The allegations surround players being asked to sign a waiver before partaking in a program of ‘supplements’ that were apparently ‘on the edge’ of what is acceptable and what is not.
The waiver was presented by former head of sports science, Stephen Dank (dubiously known as ‘The Pharmacist’), who was later sacked.
It is believed that the players were injected with ‘peptides’ which promote muscle growth, similar to human growth hormone, but it must be said that there is also an inert version of the supplement that is legal for athletes to take.
Do the Essendon hierarchy really expect us to believe that they were oblivious to their players signing a waiver and that they were unaware of the properties of the ‘supplement’ being used?
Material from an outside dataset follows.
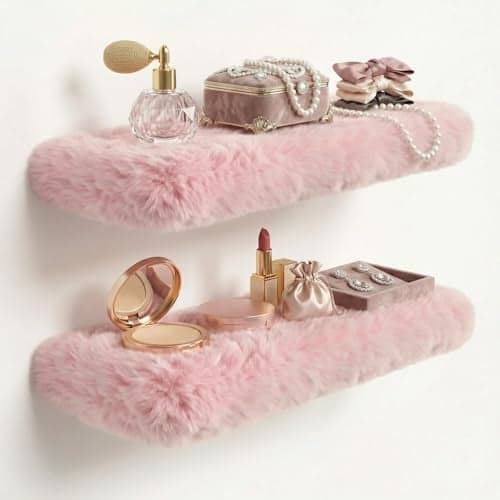 Furry Floating Shelves for Wall,2 Pack Wood Shelf with Plush Soft Shag Cover, Wall Mounted Shelves for Bedroom, Living Room, Suitable for Storing Valuable Collectibles, High Heels, Bags, Jewelry, Pink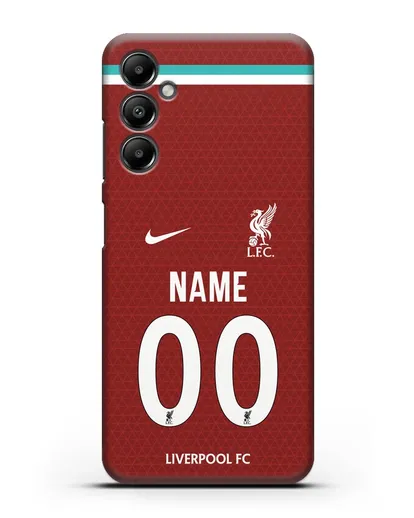 Именной чехол ФК Ливерпуль с фамилией и номером (сезон 2020-2021) домашняя форма силиконовый для Samsung Galaxy A05s [SM-A057]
Sports journalist Damien Barrett knew about it weeks ago, although most of his information seems to have come from disgruntled former player Kyle Reimers.
That Dank was sacked, and high performance manager Dean ‘The Weapon’ Robinson demoted before this whole affair became public infers that more was known by the hierarchy than they are letting on.
We don’t know all the details yet, but we do know that the Essendon Football Club are scrambling to keep their reputation intact.
The sad thing is, that once again, investigations by the media have provided the catalyst for further inquiry.
Would the Essendon Football Club have gone to the AFL and ASADA had Damien Barrett and others not gone digging for a story?
The inaction from within the sport to monitor these issues is bordering on negligence. It is something that those of us who report on pro-cycling are well used to, and it is sad to see that the same odour that has drifted around pro-cycling for so many years, now hangs over such a proud and strong competition as the AFL.